Application to your circumstances
Former paragraph 160APHL(14)(a)
'The taxpayer has an interest in so much of the corpus of the Trust as is comprised by the Trust Holding':
Former paragraph 160APHL(14)(a) of the ITAA 1936 contains a 'threshold' condition that the taxpayer has an interest in the corpus of the Trust. An interest for these purposes is considered to be a 'vested interest' and not a 'contingent' interest (an interest that does not take effect until certain conditions are met).
In this case, a clause of the Deed effectively provides that the Trustee determine whether any payments in connection with any property shall be credited or debited to capital or to income. There is no contingency that exists.

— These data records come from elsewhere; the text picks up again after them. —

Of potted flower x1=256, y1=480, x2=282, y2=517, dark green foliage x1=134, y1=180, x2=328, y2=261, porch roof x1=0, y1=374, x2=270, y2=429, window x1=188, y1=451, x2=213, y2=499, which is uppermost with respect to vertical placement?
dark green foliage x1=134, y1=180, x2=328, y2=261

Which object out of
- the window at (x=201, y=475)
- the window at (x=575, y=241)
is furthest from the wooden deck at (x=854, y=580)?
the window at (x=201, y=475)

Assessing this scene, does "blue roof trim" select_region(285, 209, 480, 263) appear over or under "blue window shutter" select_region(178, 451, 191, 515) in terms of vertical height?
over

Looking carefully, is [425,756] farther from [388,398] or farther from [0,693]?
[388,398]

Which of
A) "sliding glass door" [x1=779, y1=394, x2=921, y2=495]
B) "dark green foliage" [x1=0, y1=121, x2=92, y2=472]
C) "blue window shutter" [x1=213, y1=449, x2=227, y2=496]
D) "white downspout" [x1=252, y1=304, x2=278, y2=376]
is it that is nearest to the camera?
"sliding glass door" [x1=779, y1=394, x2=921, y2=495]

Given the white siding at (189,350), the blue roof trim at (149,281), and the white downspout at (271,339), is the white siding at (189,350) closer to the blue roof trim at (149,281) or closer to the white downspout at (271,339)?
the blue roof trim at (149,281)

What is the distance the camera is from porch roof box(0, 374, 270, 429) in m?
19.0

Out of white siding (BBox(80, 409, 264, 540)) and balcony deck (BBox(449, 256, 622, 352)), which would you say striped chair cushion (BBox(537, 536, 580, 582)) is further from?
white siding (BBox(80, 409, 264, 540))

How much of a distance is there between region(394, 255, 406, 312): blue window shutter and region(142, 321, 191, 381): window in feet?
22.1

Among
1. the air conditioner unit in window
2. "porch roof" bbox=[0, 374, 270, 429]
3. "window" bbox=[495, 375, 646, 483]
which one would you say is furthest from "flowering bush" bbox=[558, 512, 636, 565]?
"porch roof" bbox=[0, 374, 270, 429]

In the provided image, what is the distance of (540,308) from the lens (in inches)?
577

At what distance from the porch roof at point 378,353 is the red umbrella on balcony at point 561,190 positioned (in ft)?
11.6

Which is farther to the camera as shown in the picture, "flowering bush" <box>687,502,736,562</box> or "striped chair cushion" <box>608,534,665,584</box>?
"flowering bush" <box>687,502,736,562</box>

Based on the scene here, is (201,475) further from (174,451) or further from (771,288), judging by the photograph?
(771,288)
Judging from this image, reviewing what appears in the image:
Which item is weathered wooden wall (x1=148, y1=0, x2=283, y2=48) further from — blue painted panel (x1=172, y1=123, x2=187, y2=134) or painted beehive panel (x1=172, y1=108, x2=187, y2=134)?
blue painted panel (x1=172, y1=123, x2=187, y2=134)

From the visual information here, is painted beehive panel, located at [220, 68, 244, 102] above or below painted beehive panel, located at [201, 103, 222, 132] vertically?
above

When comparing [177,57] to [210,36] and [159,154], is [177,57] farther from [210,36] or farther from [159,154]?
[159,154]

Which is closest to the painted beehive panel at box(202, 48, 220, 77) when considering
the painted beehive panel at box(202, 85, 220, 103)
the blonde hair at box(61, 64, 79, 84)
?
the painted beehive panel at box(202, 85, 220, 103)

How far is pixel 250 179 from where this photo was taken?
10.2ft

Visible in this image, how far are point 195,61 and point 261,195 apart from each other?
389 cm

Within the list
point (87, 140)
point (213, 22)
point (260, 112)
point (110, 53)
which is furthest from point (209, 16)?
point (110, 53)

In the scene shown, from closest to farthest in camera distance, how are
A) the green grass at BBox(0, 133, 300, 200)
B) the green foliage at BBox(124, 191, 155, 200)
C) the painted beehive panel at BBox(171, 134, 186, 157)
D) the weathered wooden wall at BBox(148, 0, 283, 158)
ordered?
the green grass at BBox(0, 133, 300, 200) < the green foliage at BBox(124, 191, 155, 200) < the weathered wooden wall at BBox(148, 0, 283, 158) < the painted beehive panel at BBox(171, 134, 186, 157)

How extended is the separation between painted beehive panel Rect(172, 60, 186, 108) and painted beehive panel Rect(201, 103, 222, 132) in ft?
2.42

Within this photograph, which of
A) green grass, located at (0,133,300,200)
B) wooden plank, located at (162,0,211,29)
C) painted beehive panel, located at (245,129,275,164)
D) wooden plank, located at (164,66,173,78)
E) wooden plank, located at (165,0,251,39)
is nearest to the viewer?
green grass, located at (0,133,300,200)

Former paragraph 160APHL(14)(b)
'Apart from this subsection, the interest would not be a vested or indefeasible interest':
As discussed above in Question 1, although a Unitholder's interest in the corpus of the Trust is vested, the Trust Deed contains certain clauses by which a Unitholder's interest in a share of the corpus of the Trust may be defeased.
Former paragraph 160APHL(14)(c) -
The factors the Commissioner must consider are:
(i) the circumstances in which the interest is capable of not vesting or the defeasance can happen; and
(ii) the likelihood of the interest not vesting or the defeasance happening; and
(iii) the nature of the trust; and
(iv) any other matter the Commissioner thinks relevant.

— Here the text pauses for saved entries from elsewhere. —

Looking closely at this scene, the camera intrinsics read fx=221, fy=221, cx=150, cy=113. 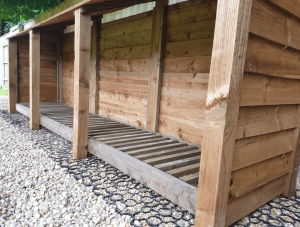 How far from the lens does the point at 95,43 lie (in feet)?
14.5

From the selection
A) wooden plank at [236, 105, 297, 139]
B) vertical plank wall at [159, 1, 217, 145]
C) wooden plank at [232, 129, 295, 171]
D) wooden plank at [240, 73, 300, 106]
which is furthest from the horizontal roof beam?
wooden plank at [232, 129, 295, 171]

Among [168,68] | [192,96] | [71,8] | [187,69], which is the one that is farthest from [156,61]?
[71,8]

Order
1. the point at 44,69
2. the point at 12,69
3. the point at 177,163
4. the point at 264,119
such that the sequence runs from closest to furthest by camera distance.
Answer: the point at 264,119
the point at 177,163
the point at 12,69
the point at 44,69

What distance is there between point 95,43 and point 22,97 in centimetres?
239

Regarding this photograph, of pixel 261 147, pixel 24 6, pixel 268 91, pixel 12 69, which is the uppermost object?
pixel 24 6

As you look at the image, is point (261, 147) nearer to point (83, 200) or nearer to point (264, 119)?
point (264, 119)

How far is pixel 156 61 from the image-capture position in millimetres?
3145

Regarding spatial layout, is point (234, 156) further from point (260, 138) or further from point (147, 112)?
point (147, 112)

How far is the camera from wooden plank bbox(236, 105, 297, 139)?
1290 millimetres

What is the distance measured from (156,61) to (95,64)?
69.7 inches

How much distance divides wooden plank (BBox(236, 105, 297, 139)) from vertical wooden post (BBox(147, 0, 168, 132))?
68.4 inches

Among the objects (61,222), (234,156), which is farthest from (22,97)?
(234,156)

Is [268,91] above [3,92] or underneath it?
above

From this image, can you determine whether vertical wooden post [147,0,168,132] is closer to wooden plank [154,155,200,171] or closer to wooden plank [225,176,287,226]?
wooden plank [154,155,200,171]
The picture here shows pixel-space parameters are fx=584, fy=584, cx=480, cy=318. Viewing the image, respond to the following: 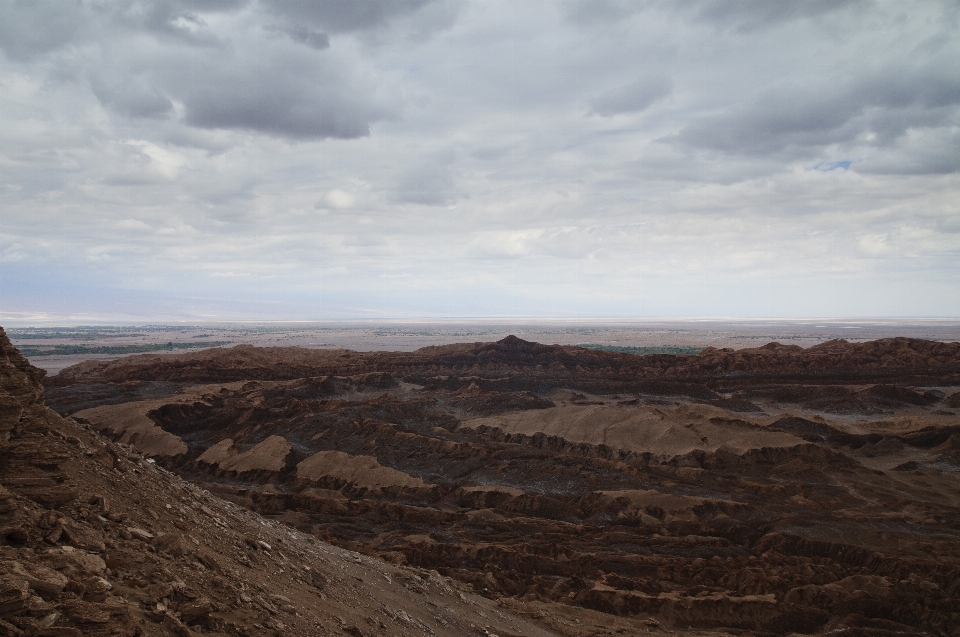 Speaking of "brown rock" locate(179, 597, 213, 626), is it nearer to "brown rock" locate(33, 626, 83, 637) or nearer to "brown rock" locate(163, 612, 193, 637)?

Other matters the Commissioner may consider relevant are found in Practical Compliance Guidelines PCG 2016/16 Fixed entitlements and fixed trusts at paragraphs 34 and 35.
The nature of the Trust
Taking into account the factors mentioned in paragraph 34 of PCG 2016/16, it is noted that, based on the statements provided:
- The Unit Trust is closely-held and was established for the purpose of undertaking commercial transactions and investments to derive income/profits for the benefit of its unitholders.
- The Trustee wishes to pass on dividends, if received, to the Unitholders. At the date of the ruling application, the Trust has two Unitholders.

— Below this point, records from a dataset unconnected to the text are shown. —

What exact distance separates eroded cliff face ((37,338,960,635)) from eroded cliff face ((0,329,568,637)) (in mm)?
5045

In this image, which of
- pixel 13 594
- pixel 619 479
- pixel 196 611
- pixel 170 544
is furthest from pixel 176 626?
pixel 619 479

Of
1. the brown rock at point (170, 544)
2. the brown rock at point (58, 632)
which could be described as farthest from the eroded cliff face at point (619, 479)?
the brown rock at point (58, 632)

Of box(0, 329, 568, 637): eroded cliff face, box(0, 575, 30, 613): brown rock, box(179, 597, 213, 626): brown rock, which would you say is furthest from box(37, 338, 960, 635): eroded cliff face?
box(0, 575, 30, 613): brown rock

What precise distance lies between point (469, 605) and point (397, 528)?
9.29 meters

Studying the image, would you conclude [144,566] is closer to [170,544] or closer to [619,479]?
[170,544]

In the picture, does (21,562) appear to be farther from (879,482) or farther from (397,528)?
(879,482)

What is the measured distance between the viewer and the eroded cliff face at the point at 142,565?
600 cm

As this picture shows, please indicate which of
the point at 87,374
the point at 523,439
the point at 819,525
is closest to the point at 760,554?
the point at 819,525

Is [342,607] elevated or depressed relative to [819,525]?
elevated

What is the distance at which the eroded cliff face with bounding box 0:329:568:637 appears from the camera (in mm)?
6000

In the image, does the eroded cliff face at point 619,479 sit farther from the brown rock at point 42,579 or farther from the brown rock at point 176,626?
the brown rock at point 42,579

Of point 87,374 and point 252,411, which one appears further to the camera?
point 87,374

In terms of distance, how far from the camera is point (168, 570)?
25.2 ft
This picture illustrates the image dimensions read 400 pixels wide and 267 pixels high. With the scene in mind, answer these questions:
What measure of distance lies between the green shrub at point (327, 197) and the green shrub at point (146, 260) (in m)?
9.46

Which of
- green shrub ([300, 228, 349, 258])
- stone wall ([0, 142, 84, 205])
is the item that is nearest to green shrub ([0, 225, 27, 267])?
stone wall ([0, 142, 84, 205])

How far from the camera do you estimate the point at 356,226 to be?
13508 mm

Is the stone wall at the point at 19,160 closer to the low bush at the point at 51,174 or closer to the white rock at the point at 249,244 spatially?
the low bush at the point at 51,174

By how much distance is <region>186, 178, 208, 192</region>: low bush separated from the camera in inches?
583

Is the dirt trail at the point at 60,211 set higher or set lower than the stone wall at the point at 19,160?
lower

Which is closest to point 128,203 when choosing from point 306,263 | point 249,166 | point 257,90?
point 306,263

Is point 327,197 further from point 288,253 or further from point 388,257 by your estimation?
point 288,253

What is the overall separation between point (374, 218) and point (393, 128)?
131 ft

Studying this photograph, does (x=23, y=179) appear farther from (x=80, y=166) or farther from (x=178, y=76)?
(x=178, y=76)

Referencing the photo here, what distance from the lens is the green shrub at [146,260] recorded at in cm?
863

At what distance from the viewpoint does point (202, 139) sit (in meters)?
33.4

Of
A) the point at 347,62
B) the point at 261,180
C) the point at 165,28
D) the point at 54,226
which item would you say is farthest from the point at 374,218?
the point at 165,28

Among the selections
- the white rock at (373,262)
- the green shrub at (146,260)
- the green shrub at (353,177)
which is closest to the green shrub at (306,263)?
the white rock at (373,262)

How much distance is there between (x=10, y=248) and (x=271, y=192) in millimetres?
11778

- Since its inception, the unit holding proportions has not changed, the current Unitholders were the initial Unitholders.
- The interests of the Unitholders are not contingent, it is not a discretionary trust, the trust does not have default capital beneficiaries.
- The Trustee will only redeem Units at Unit Value.
- The Trustee has the power to amend the provisions of the Trust Deed, but this is only possible with the unanimous consent of all Unitholders.
- The Trustee does not intend to exercise its amendment power to affect the law against perpetuities, or confer a benefit on any person other than the Unitholders.
It is considered, in this instance, that the circumstances and likelihood in which each Unitholder's entitlement is capable of not vesting or the defeasance happening are reduced in this Trust.
Other considerations
As per paragraph 35 of PCG 2016/16, the Commissioner must consider:
whether the exercise of the discretion would allow a person to obtain a tax benefit from a trust claiming a deduction for a tax loss, bad debt deduction or debt/equity swap deduction when the person did not bear the economic loss incurred by the trust
when exercising the discretion. It states at paragraph 37 of the PCG that these factors are still relevant 'even when the reason for requesting that the Commissioner exercise the discretion is related to one of the other legislative provisions listed in Attachment A'.
In relation to the circumstances which pertain to the existence, or lack thereof, of a tax benefit, it is noted that:
• only one class of Units has been issued (and no other classes of units may be issued) and each Unit is of equal value and has the same rights
• no streaming of the distributable income or capital of the trust may happen in any way that is not directly proportionate to each Unitholder's respective interest in the Trust.
The Trustee has said it is not proposed to make amendments to the Trust Deed during the Ruling period.
Conclusion
The Commissioner will exercise his discretion under former subsection 160APHL(14) of the ITAA 1936 to treat the Unitholders of the Trust as having a vested and indefeasible interest in so much of the corpus (capital) of the Trust as is comprised by the Trust Holding (being the Trustee's ownership of shares).